The Touch and Go War

Goldsworthy, Lieutenant Commander L V GC DSC GM RANVR · Jan 31, 1972 · Print This Page

Author
Goldsworthy, Lieutenant Commander L V GC DSC GM RANVR
Subjects
History - general
Tags
None noted.
RAN Ships
None noted.
Publication
January 1972 edition of the Naval Historical Review (all rights reserved)

The products of their successes accumulated in cupboards, on tables and temporary benches and sometimes overflowed onto the floor. Bomb fuses, detonators, boosters, clocks, tail caps and parachutes presented one chaotic jumble to the eyes of other Admiralty inmates.

Vernon claimed Mould and Syme who had already become a naval tradition. Their names became associated with Ouvry, Lewis and Glenny in the ‘if at all possible render safe‘ rules of the Enemy Mining Section.

This redoubtable team assisted in the recovery of every form of nastiness the enemy dropped, fired or floated onto the British Isles. Syme dived (illegally, in the most unsuitable gear) and Mould searched the mud and quicksands of the tidal flats for mines of every type.

Syme on one occasion dived for a mine near Spit Sand Fort in the approaches to Portsmouth. His gallery, and almost his cortege, was a group of US and Canadian ‘learner’ officers.

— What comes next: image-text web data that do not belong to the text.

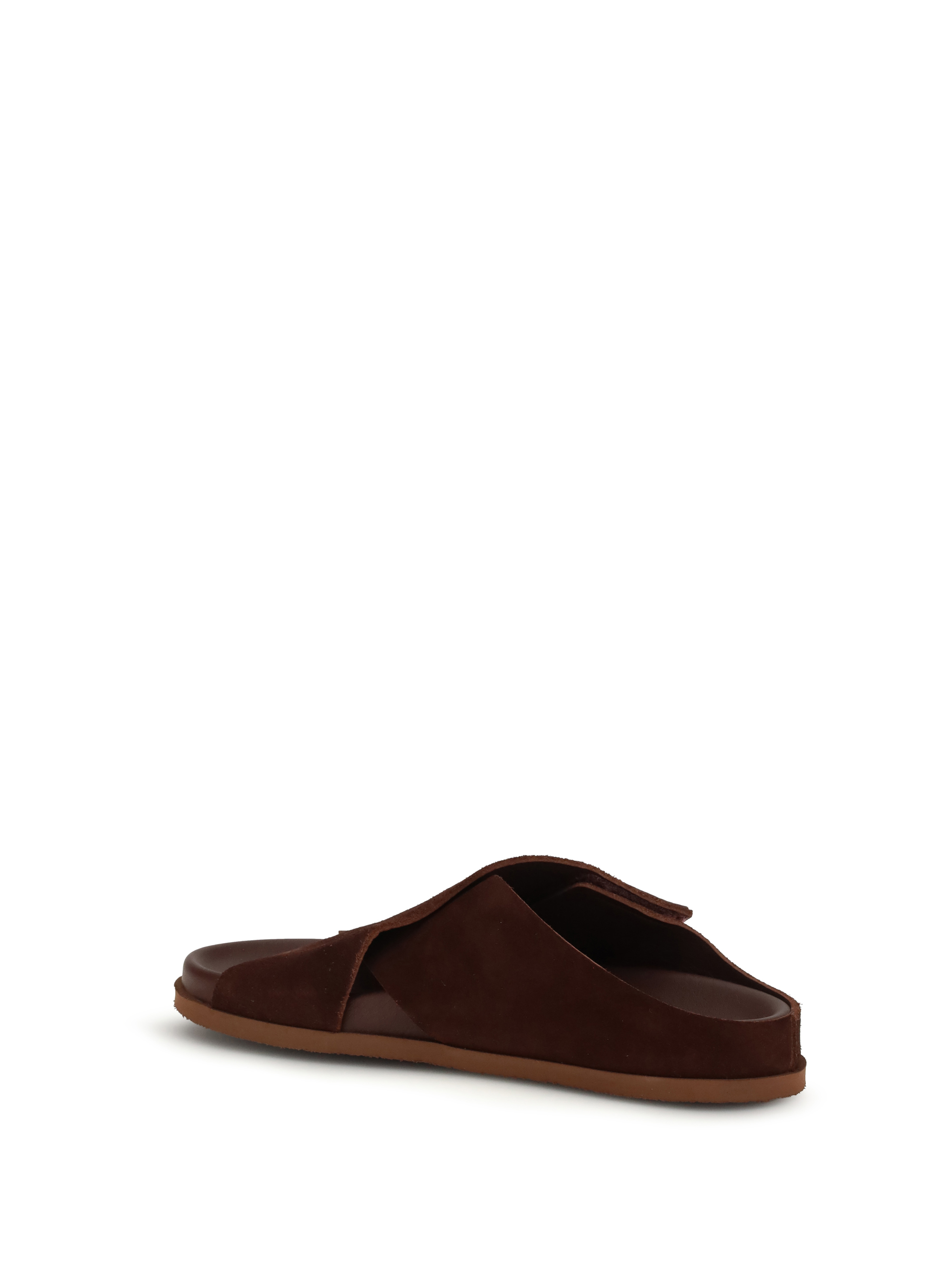 Danai Sandals with maxi velcro strap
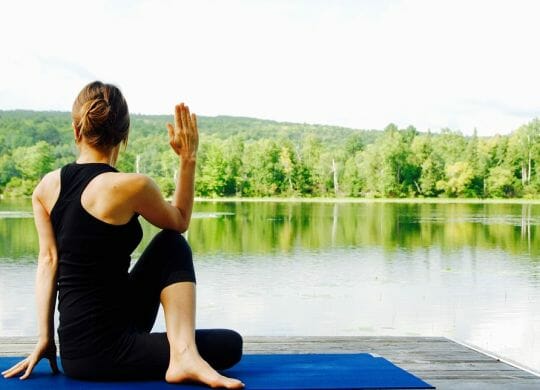 Yoga macht fit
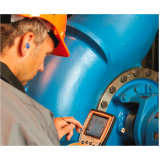 analise de vibração em equipamentos rotativos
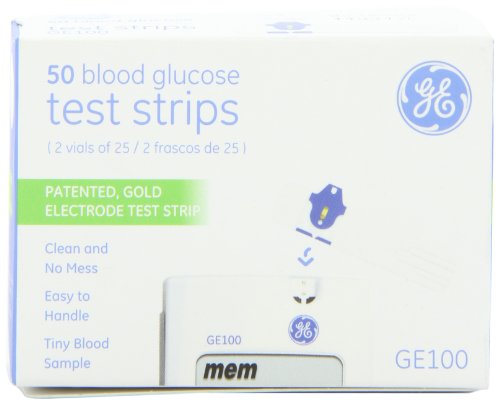 GE100 Test Strips 50ct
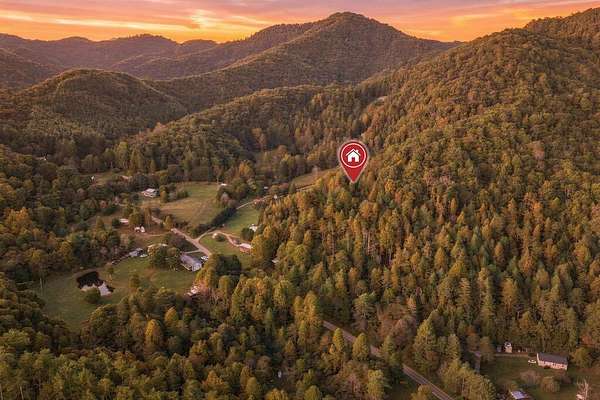 7.66 Acres of Land for Sale in Franklin, North Carolina
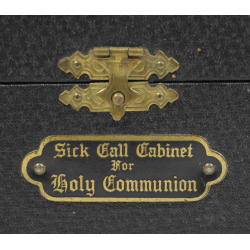 Cabinet, Sick-Call, Chaplain, Christian, Complete
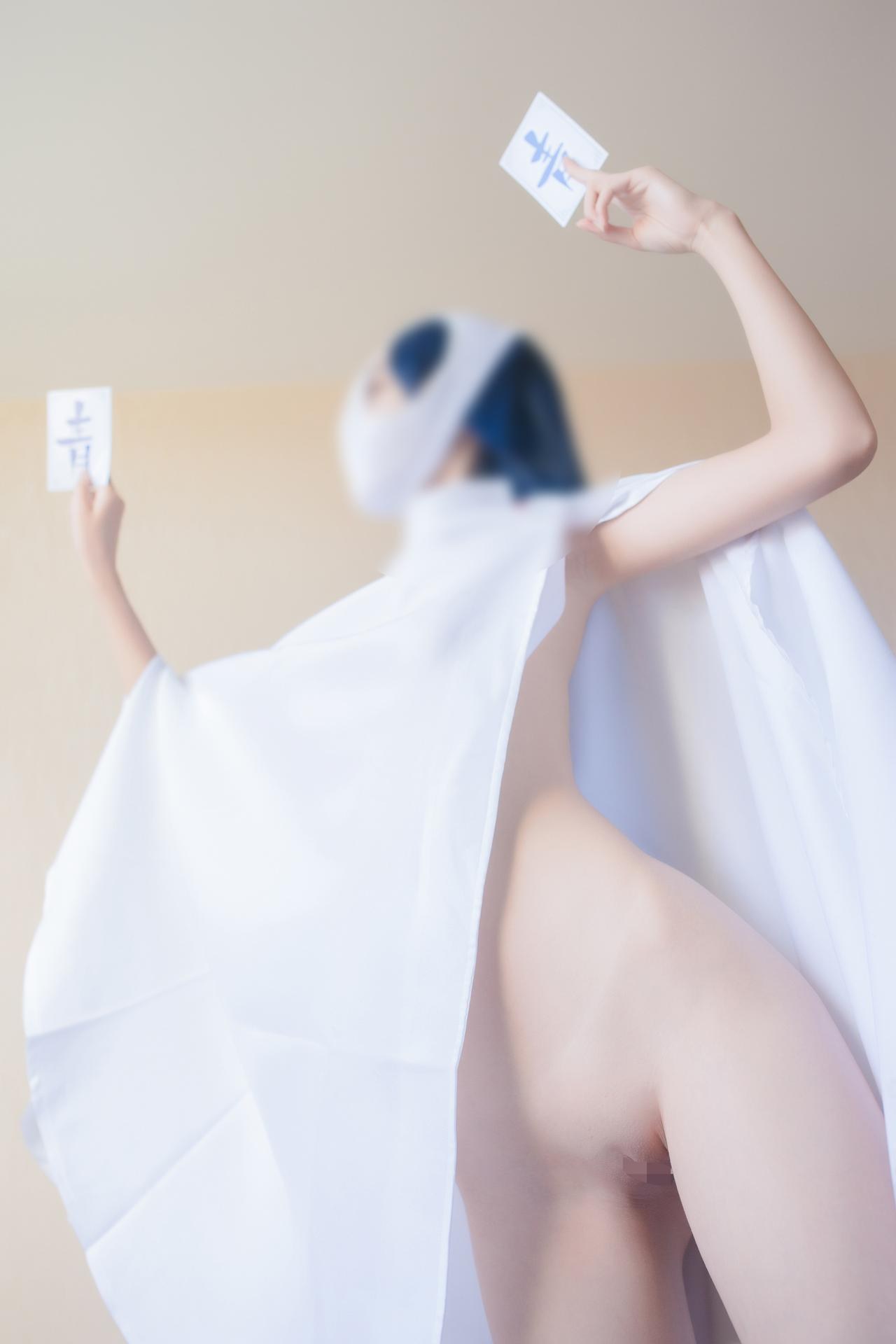[私房] 少女映畫 - 華城綾女：翹臀美胸大尺度私房寫真 60P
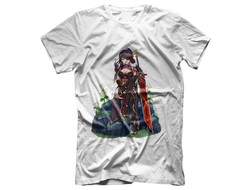 Футболка Genshin Impact, Геншин Импакт №6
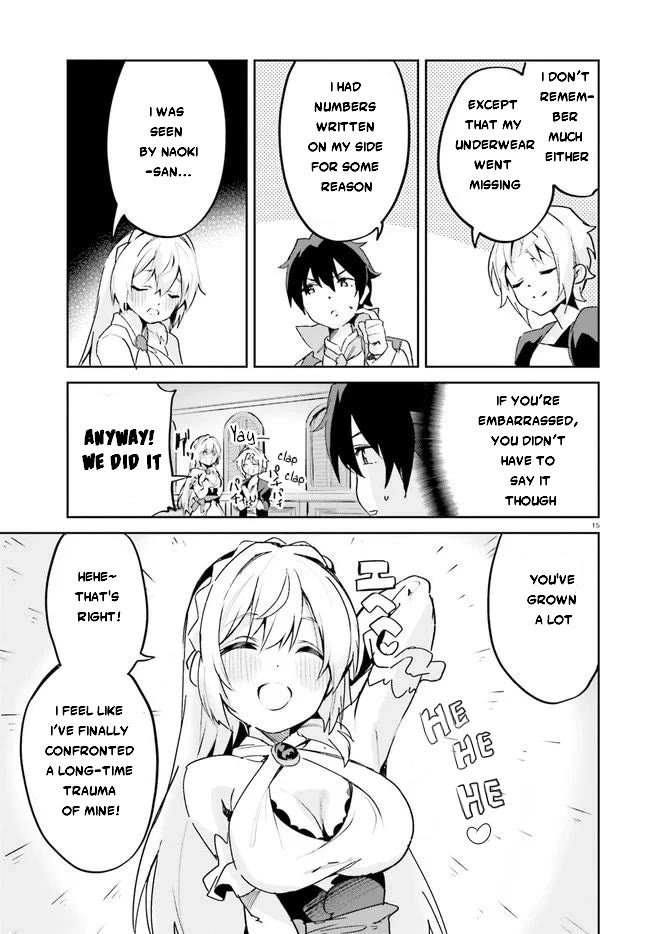 Suuji de Sukuu! Jyakushou Kokka Chapter 19 page 17 - Chapter 19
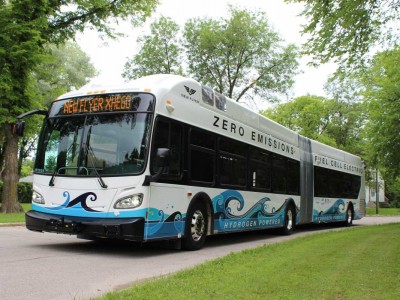 +49 % en un an : le bus &agrave; hydrog&egrave;ne acc&eacute;l&egrave;re aux Etats-Unis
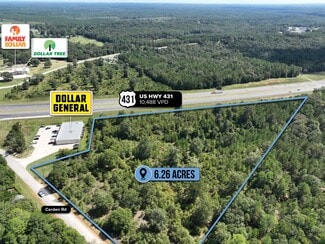 Plus de détails pour adj. to 5 Carden Road, Seale, AL - Terrain à louer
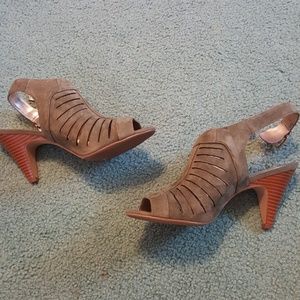 Alfani olive green heels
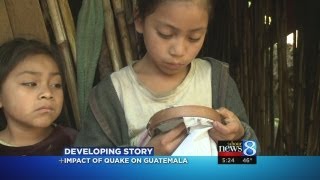 The effect of the Guatemala quake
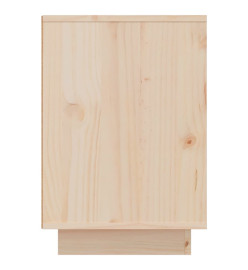 Table de chevet 50x34x50 cm Bois de pin massif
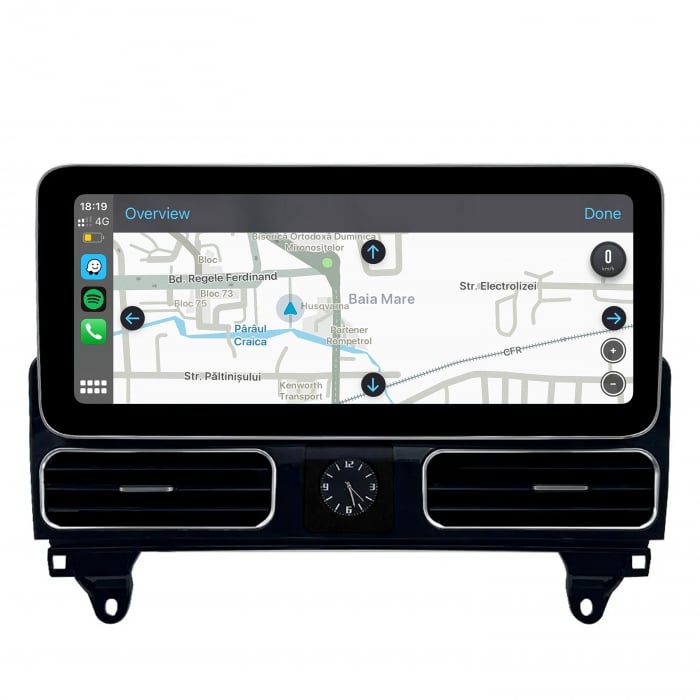 Navigatie Mercedes Benz ML/GL W166 X166 din 2011-2016, NTG 4.5, Android 14, 6GB RAM si 64GB ROM, Octacore 2.0ghz, Display 12,3" 1920*720, Carplay, Android Auto [3]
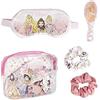 CERDÁ Life'S Little MOMENTS-2500001925 Set para Regalar con Antifaz para Dormir, Peine y Coleteros de Tela de Princesas Licencia Oficial Disney, Multicolor, único (2500001925)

He sighted his quarry at the end of a wearisome search but was forced to surface by the increasing ebb without having the opportunity for close examination. The mine exploded as his handlers were swinging him into the landing steps. ‘Jeez, is that what it’s like?‘ asked a mud splattered North American.

The Admiralty team was now in new quarters in Charing Cross Road and renamed the Land Incident Section. It had acquired power, prestige and much paraphernalia. Whole trains were available to the section at an hour’s notice to whisk personnel and equipment anywhere in the United Kingdom. Humbers, festooned with blue priority lights, magnetically operated bells and fitted with War Office number plates had replaced the left hand drive Fords. Tools were now really magnetic. A secret telephone was installed with a priority only second to Cabinet.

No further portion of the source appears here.